Thursday, December 12, 2013

Returning to Tulkarm

It was the fulfillment of a dream come true to once again return to Palestine and specifically to Tulkarm where I began my placement with EAPPI 3 years ago. This time I returned traveling with my husband, Obed, prior to our attendance at the SABEEL conference.

We traveled on the local bus from Jerusalem to Ramallah, another bus to Nablus and another bus to Tulkarm. Even though we had given our friend Sadi an approximate arrival time, we knew it would be dependent upon how long it would take to get through the checkpoints. Once I saw the first checkpoint tower, a flood of memories returned. Restricted movement was my thought as I braced for the bus to be stopped and the IDF to come on board with their AK-47s.

The Palestinian people are very familiar with this inconvenient and scrutinizing effort on the part of Israel's military to control their lives. It comes in the form of disrespect and intimidation. The Wall was very visible as well as we continued our journey. The Wall is an apartheid system built by Israel because of their belief that separation will increase the security of the Israel population. This isn't just a simple structure but rather a 30 foot high chunk of concrete winding its way inside the green line on precious Palestinian farmland.

The 3rd realization was the rapidly expanding settlement system built illegally and in violation of International Law on Palestinian land. Along with the growth of settlements has come a total guaranteed infrastructure for the Settlers, roads only for settlers, guaranteed security from the IDF, guaranteed water source coming from Palestinian aquifers, etc. The settlements are expanding at such a fast rate and in doing so they gobble up Bedouin communities, olive groves and Palestinian communities.

Since tourists rarely come to town, we were obviously outsiders. But as we stepped off the bus we were met by smiles and greetings. A coffee merchant on the corner recognized me and said "It is good to see you again.
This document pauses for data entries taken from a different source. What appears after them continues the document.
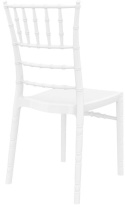 KRZESŁO SIESTA CHIAVARI BIAŁE KRZESŁO SIESTA CHIAVARI BIAŁE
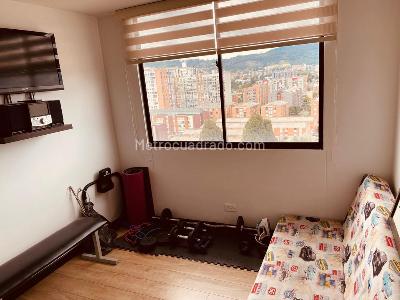 Apartamento en venta en Britalia, Bogotá · foto 11 de 14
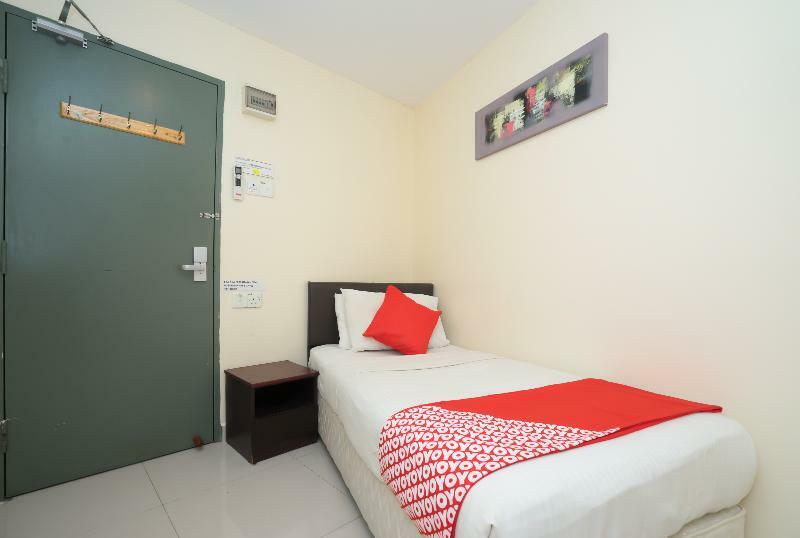 Oyo 786 The Citilite Hotel Kuantan Exteriér fotografie
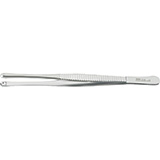 MILTEX RUSSIAN Tissue Forceps, 7-3/4" (200mm), serrated handles. MFID: 6-144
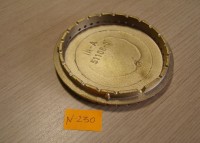 NAKRYWKA PAL.NR-5 SREBRNA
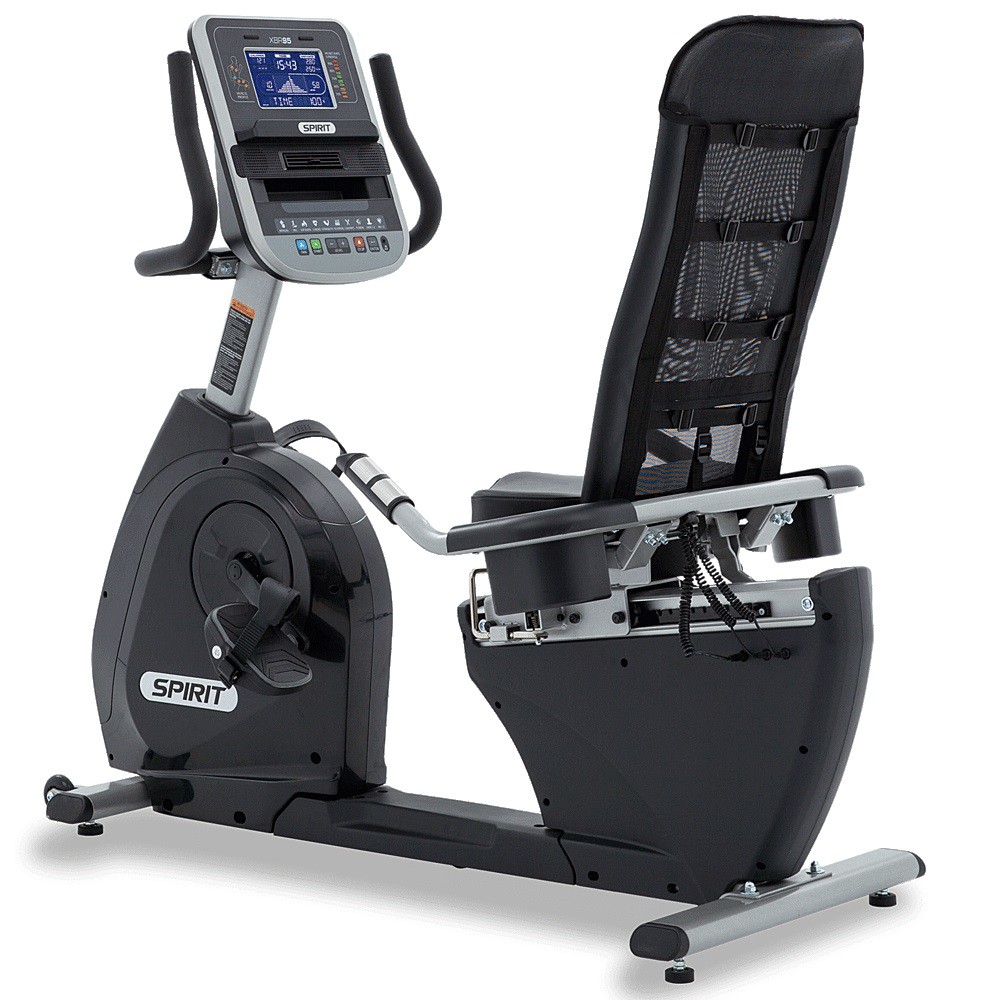   SPIRIT FITNESS XBR95 (2017)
Most everyone we met said: "you are welcome." Sadi and Dalbah soon found us and the rest of our visit was spent renewing friendships and engaging in significant conversations.

The two men were very important contacts for our EA team 38 of EAPPI and they continue to be community leaders who are very engaged in non-violent resistance to the Occupation. Since there are no tourist accomodations in Tulkarm we were graciously housed and fed by our friends and their families. It was so enjoyable to share a meal of exquisite Palestinian cuisine while visiting with Sadi, Dalbah and their families. Rather than focusing on how they have suffered through the continuing years of Occupation, they shared their hope of the future of Palestine.